Beukes does a good job of presenting us with a world just a little bit different from our own, with vastly different consequences. No one knows for sure why, in the 1990s, animal familiars started seeking out dangerous criminals, who become known as aposymbiots, or “zoos.”
“The skyline is in crisp focus, the city graded in rusts and coppers by the sinking sun that has streaked the wispy clouds the colour of blood. It’s the dust in the air that makes the Highveld sunsets so spectacular…the carbon-dioxide choke of the traffic. Who says bad things can’t be beautiful?”
“I settle on skinny jeans and a surprisingly tasteful black strappy top I borrow from one of the prostitutes on the third floor….when I say borrow, I mean rent. She assures me it’s clean. For thirty bucks, I’m dubious, but it passes the sniff test, so fuck it.”
– Zoo City, Lauren Beukes
In present-day Johannesburg, a new kind of segregation is taking place: regular, law-abiding citizens are kept safe from the criminals, who have all been animalled.
That’s the premise of Lauren Beukes’ brilliantly conceived Zoo City. For reasons no one quite understands, when someone commits a heinous crime (it has to involve murder, it seems), their guilt manifests in the appearance of an animal companion. The human and animal share a link, and the human also derives a special power, or shavi, from this connection. Animals can range from butterflies to tapirs, penguins to panthers. Our main character, the feisty Zinzi December, has been animalled for a few years now because of her role in the death of her beloved brother. Her animal, Sloth, hangs from ropes in her squatter’s tenement when he isn’t draped around her neck, trying to keep her out of trouble.
An ex-journalist and ex–drug addict, Zinzi is out of prison and trying to pay off her substantial debts through various not-always-legal means. For starters, she and Sloth use Zinzi’s shavi, a gift for finding lost things. Zinzi can see psychic threads that connect people to their lost objects, and for a small fee she will crawl down into sewers to retrieve lost rings. But the real money is in the job she loathes: writing scripts for e-mail 419 scams, and occasionally acting the part of the rescued Nigerian princess or savvy South African business partner when the poor suckers being scammed out of their life savings show up in Johannesburg. When Zinzi is hired by a reclusive music mogul to find the missing twin sister in his youthful pop group sensation iJusi, she finds herself thrust back into her shiny, celebrity- and drug-centred old life while she also explores the criminal underbelly of her new world, and it isn’t entirely clear which part is worse, or more dangerous.

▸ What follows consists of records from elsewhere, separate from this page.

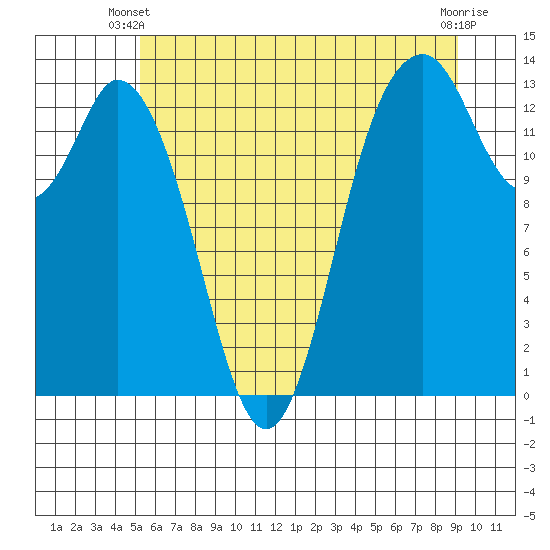 Barron Point tide chart for Monday, June 9, 2025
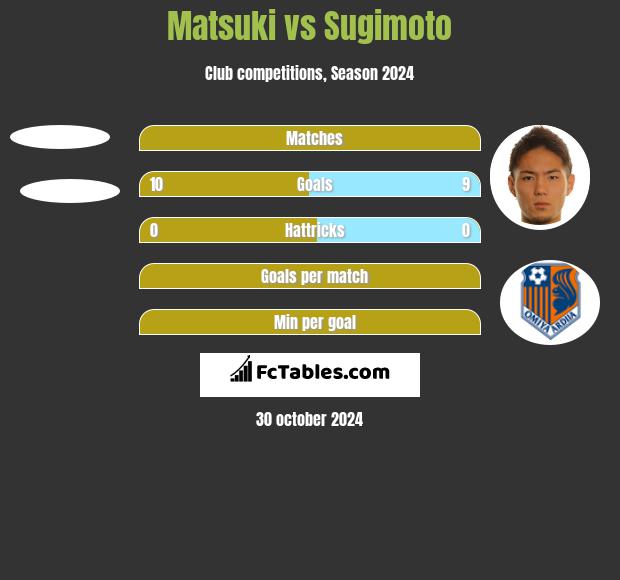 Matsuki vs Sugimoto h2h player stats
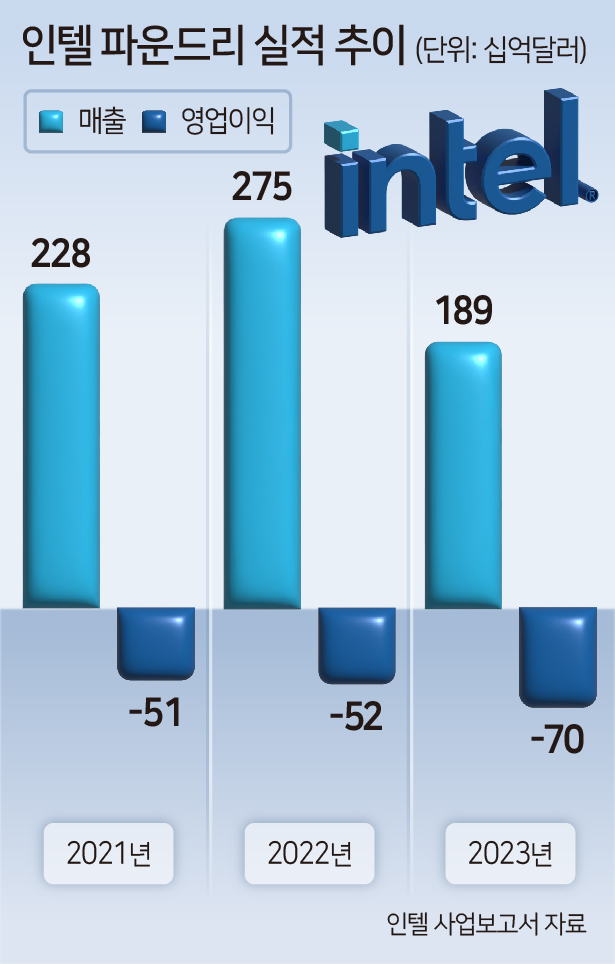 인텔, 파운드리 10조 손실에도 삼성 넘겠다? 삼성은 4분기 흑자전환 기대 [비즈360]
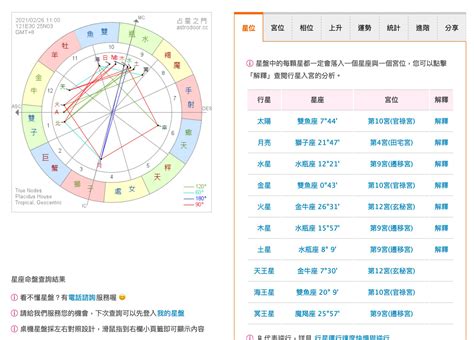 12星座比例圖|【12星座比例圖】透過1鍵查詢星座命盤宮位！了解自己的個性及。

Beukes does a good job of presenting us with a world just a little bit different from our own, with vastly different consequences. No one knows for sure why, in the 1990s, animal familiars started seeking out dangerous criminals, who become known as aposymbiots, or “zoos.” No one knows why these people experience intense pain if physically separated from their animal, or why, if the animal dies before the human, the very shadows come to life and swallow the hapless individual whole: the so-called Undertow, which destroys a person entirely, and which seems to be kept at bay by the animal companion. Beukes gives us glimpses into this world through back cover copy of documentaries on the phenomena, Internet message board posts on the subject, physics paper abstracts, religious tracts, and magazine articles. We are just as unclear about how and what is happening as the characters in the book are.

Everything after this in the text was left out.